Lifeboat (film) - Plot

Plot

Several American and British civilians are stuck in a lifeboat in the North Atlantic after their ship and a U-boat sink each other in combat. Willi (Walter Slezak), a German survivor, is pulled aboard and denies being an enemy officer. During an animated debate, Kovac (John Hodiak) demands the German be thrown out and allowed to drown. However, cooler heads prevail, with Garrett (Hume Cronyn) and columnist Connie Porter (Tallulah Bankhead) asserting the German's prisoner of war status, and he is allowed to stay.

One passenger, an infant, dies almost immediately after boarding. His mother is a young English woman (Heather Angel), who, after being treated by a nurse (Mary Anderson), must be tied down to stop her from hurting herself. The woman sneaks off the boat while the other passengers sleep, drowning herself in the night.

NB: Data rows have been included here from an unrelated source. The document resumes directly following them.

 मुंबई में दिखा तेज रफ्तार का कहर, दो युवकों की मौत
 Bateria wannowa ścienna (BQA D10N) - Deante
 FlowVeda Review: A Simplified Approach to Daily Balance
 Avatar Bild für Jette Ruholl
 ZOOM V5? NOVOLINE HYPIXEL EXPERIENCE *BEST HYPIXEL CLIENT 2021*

The film then follows the lifeboat inhabitants as they attempt to organize their rations, set a course for Bermuda, and coexist as they try to survive. The characters start out being good-natured, cooperative, and optimistic about rescue. However, they descend into desperation, dehydration, and frustration with each other. The back stories of the characters are examined, and divisions of race, religion, sex, class, and nationality are brought to the surface. The passengers also cooperate through this stress, such as when they must amputate the leg of one of their boatmates due to gangrene.

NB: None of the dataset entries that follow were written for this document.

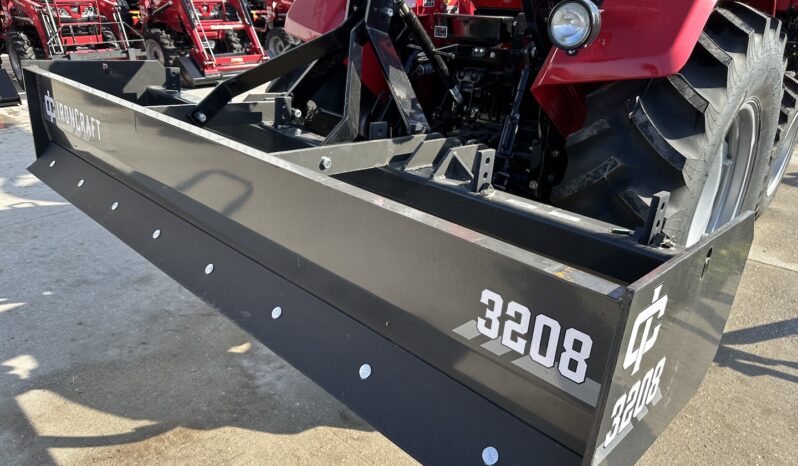 5145 SHUTTLE 4X4 full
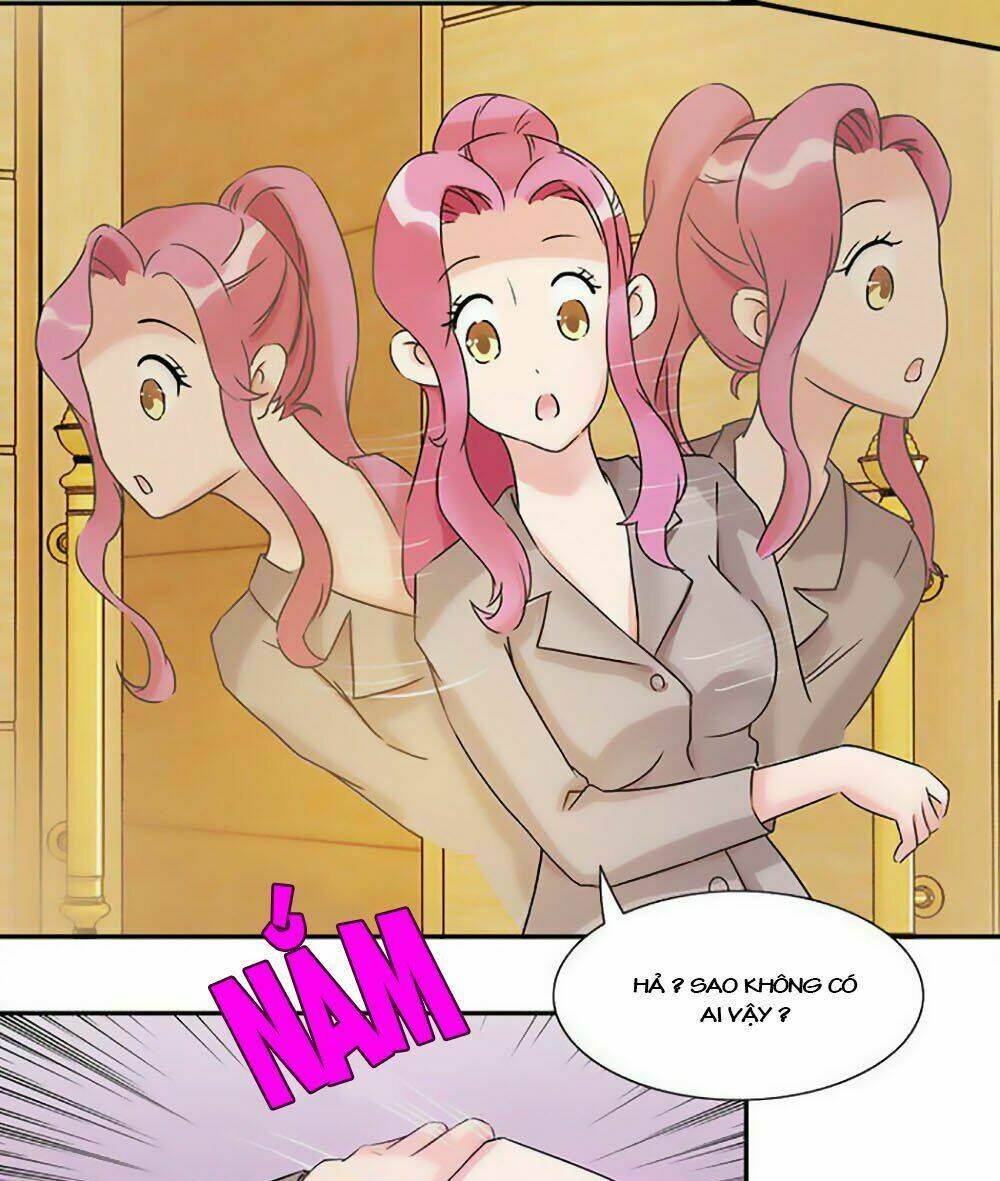 Tiểu Tâm Can Tuyệt Sủng Của Lạc Tiên Sinh: Chapter 8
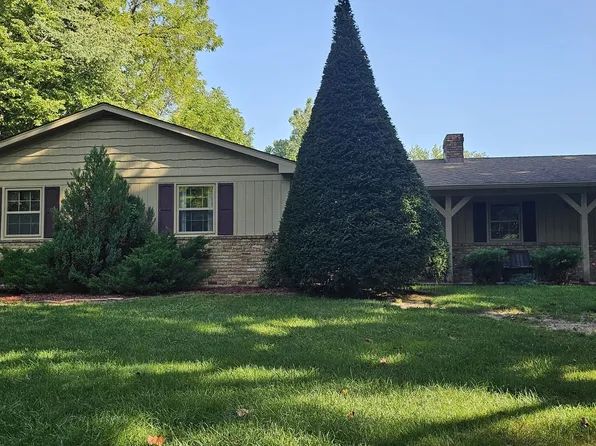 4006 E County Road 550 N, Pittsboro, IN 46167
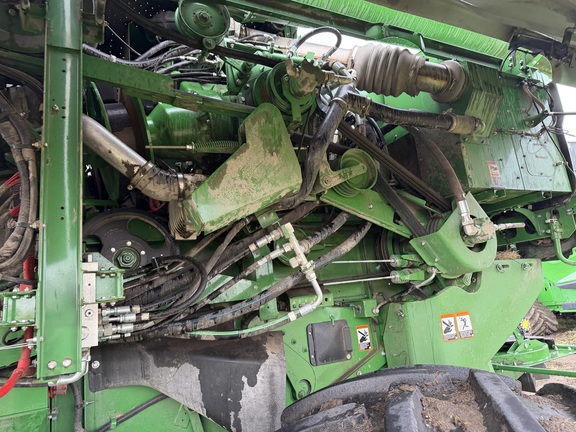 2024 John Deere S790 - Photo17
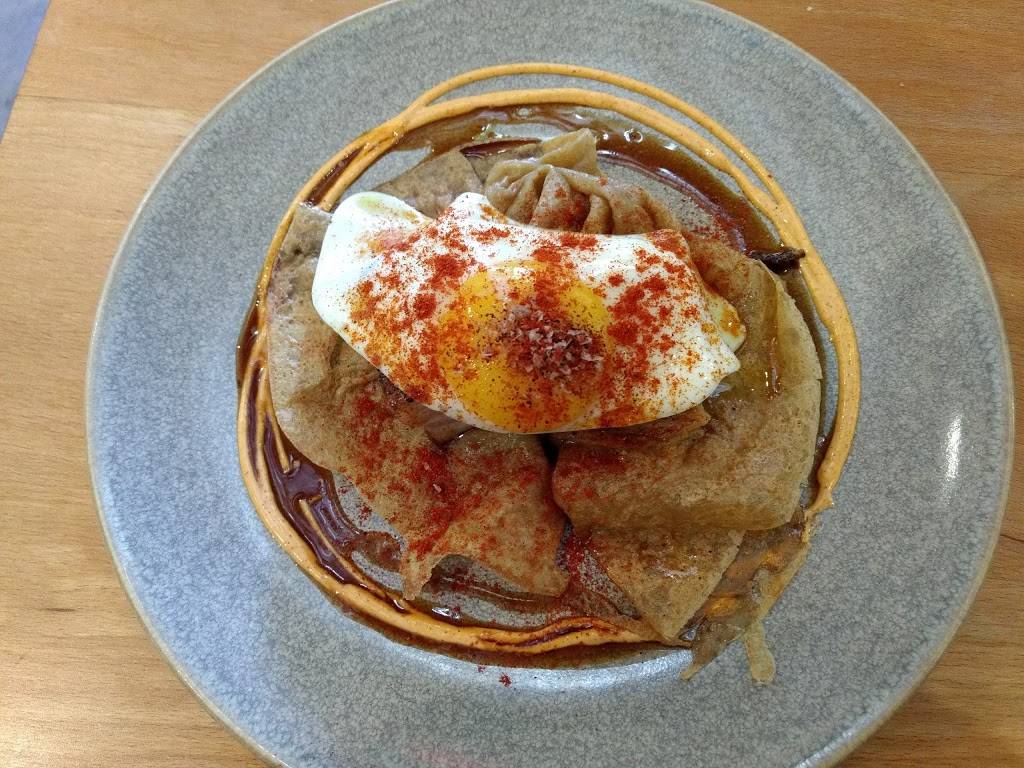 Crêpe Bar | cafe | 7520 S Rural Rd, Tempe, AZ 85283, USA | 4802478012 OR +1 480-247-8012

Kovac takes charge, rationing the little food and water they have, but Willi gradually takes control away from him. Willi is later revealed to be the U-boat captain. One morning, while the others are sleeping, the injured German-American Gus Smith (Bendix) catches Willi drinking water from a hidden flask. Too delirious and weak to wake anybody up, Gus is pushed overboard by Willi and drowns while the others sleep. Upon waking, the others discover Gus missing and Willi is questioned. When they notice that the German is sweating, the other passengers discover the hoarded flask in his jacket. In a spasm of anger they descend upon him as a group, beat him, and throw him overboard, striking him multiple times with Gus's boot to prevent him from re-boarding. Musing on Willi's treachery, Rittenhouse (Hull) asks, "What do you do with people like that?"

The survivors are subsequently spotted by the German supply ship to which Willi had been steering them. Before a launch can pick them up, both the supply ship and rescue-lifeboat are sunk by an Allied warship. A frightened young German seaman is pulled aboard the lifeboat. He pulls a gun on the boat occupants but is surprised and disarmed. He asks in German, "Aren't you going to kill me?" The film ends with surviving passengers arguing about keeping the new German sailor aboard or throwing him off to drown as they await the Allied vessel to rescue them. Again the question is asked, "What do you do with people like that?"